One way to address this problem is using a naive bayes classifier with feature probabilities modelled as Bernoulli distributions. This assumes that the target variables are not categorical variables as you mention in the question but simply binary variables. I think that's a more reasonable assumption and it seems to me it follows from the construction of your input data where the input variables appear to be binary.
A first model pass can be the following (adapting the important_features
function from this answer:
import numpy as np
import pandas as pd
from sklearn.naive_bayes import BernoulliNB
def important_features(classifier,feature_names, n=20):
class_labels = classifier.classes_
for i,feature in enumerate(feature_names):
print("Important features in ", class_labels[i])
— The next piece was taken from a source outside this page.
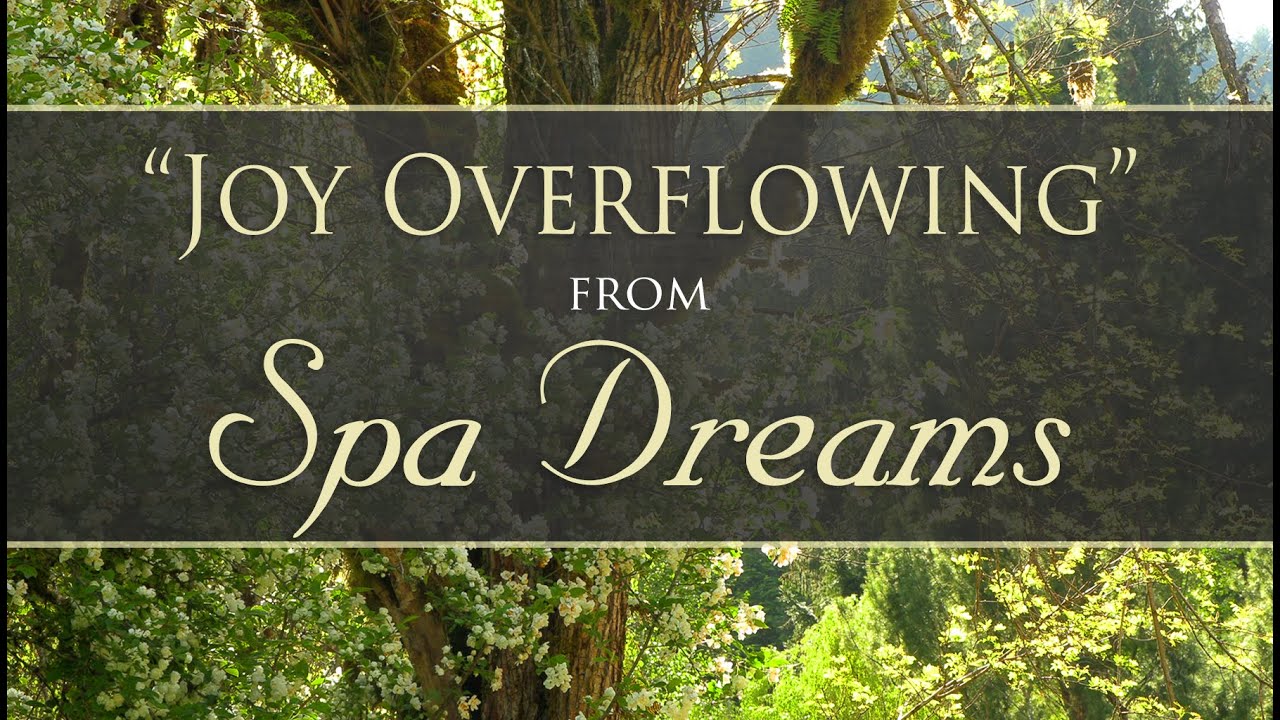 "Joy Overflowing" from Spa Dreams by Dean Evenson & d'Rachael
topn_class = sorted(zip(classifier.feature_log_prob_[i], feature_names),
reverse=True)[:n]
for coef, feat in topn_class:
print(coef, feat)
print('-----------------------')
d = {}
d['fever'] = np.array([0,0,0,1,0,0,1])
d['headache'] = np.array([0,0,1,0,0,1,0])
d['sorethroat'] = np.array([1,0,0,0,1,1,0])
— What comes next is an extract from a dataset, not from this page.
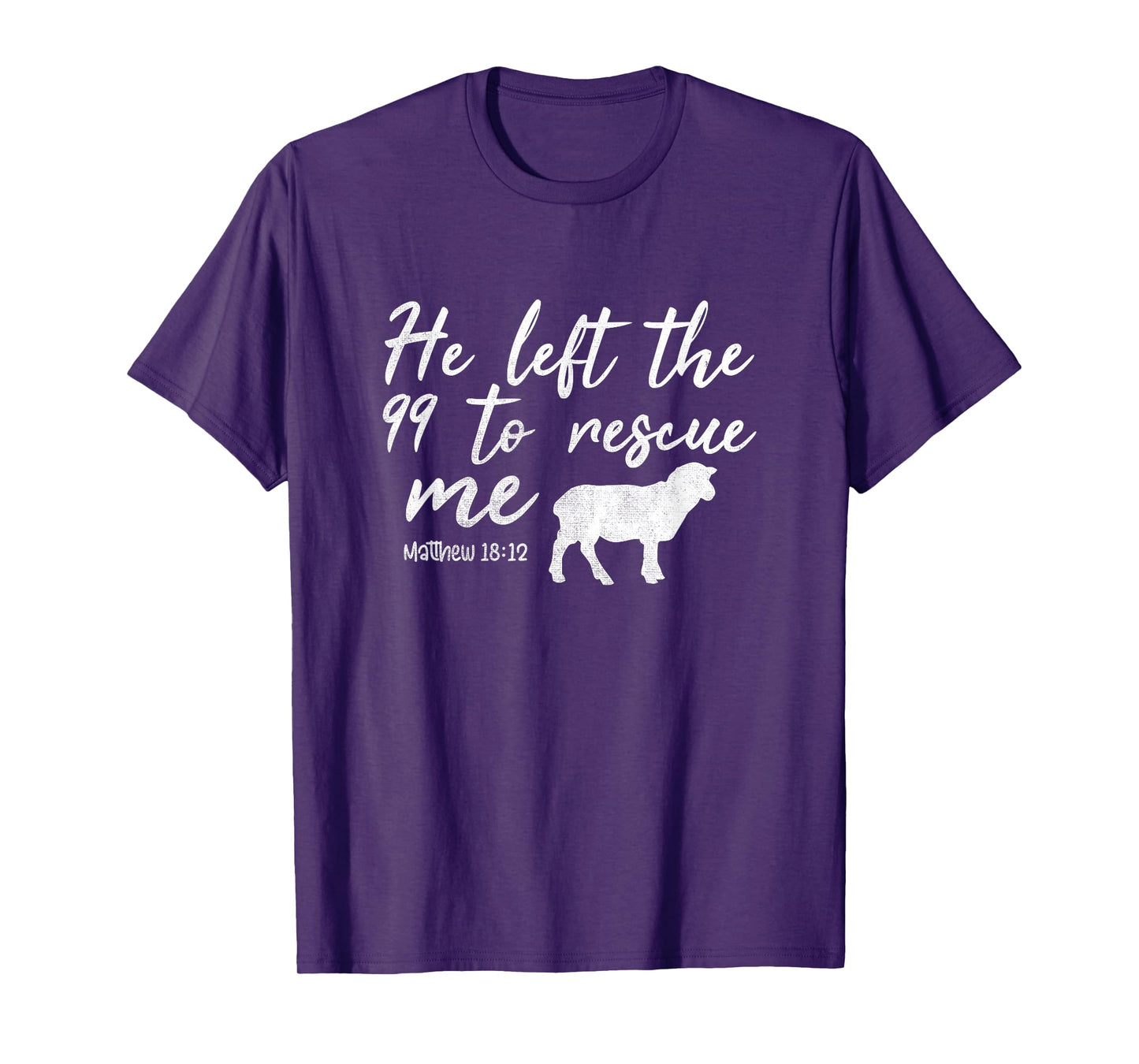 He Left The 99 To Rescue Me Matthew 18:12 Lamb Christian T-Shirt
d['drowsiness'] = np.array([0,1,0,1,1,0,0])
d['disease'] = ['Fungal infection','Fungal infection','liver infection',
'diarrhoea','common cold','diarrhoea','flu']
df = pd.DataFrame(d)
X = df[df.columns[:-1]]
y = df['disease']
clf = BernoulliNB()
clf.fit(X, y)
BernoulliNB()
important_features(clf,df.columns[:-1])
This should give you the following output, which of course is just for demonstration purposes as I only used the data you provided above:
Important features in Fungal infection
-0.6931471805599453 sorethroat
-0.6931471805599453 drowsiness
-1.3862943611198906 headache
-1.3862943611198906 fever
-----------------------
Important features in common cold
-0.4054651081081645 sorethroat
-0.4054651081081645 drowsiness
-1.0986122886681098 headache
-1.0986122886681098 fever
-----------------------
Important features in diarrhoea
-0.6931471805599453 sorethroat
-0.6931471805599453 headache
-0.6931471805599453 fever
-0.6931471805599453 drowsiness
-----------------------
Important features in flu
-0.4054651081081645 fever
-1.0986122886681098 sorethroat
-1.0986122886681098 headache
-1.0986122886681098 drowsiness
-----------------------
Naive bayes of course doesn't account for correlation between the independent variables e.g. one could be more likely to have headache if they have fever anyway and independently of the underlying disease. If this limitation is not an issue for you then you could go ahead and run the model for all your data. Note that it's probably really really difficult to train a more general model which estimates all the possible correlations from the data.
Finally note that pandas corr
method will give you the correlation of the independent variables but it won't have anything to do with a model predicting the disease from the inputs.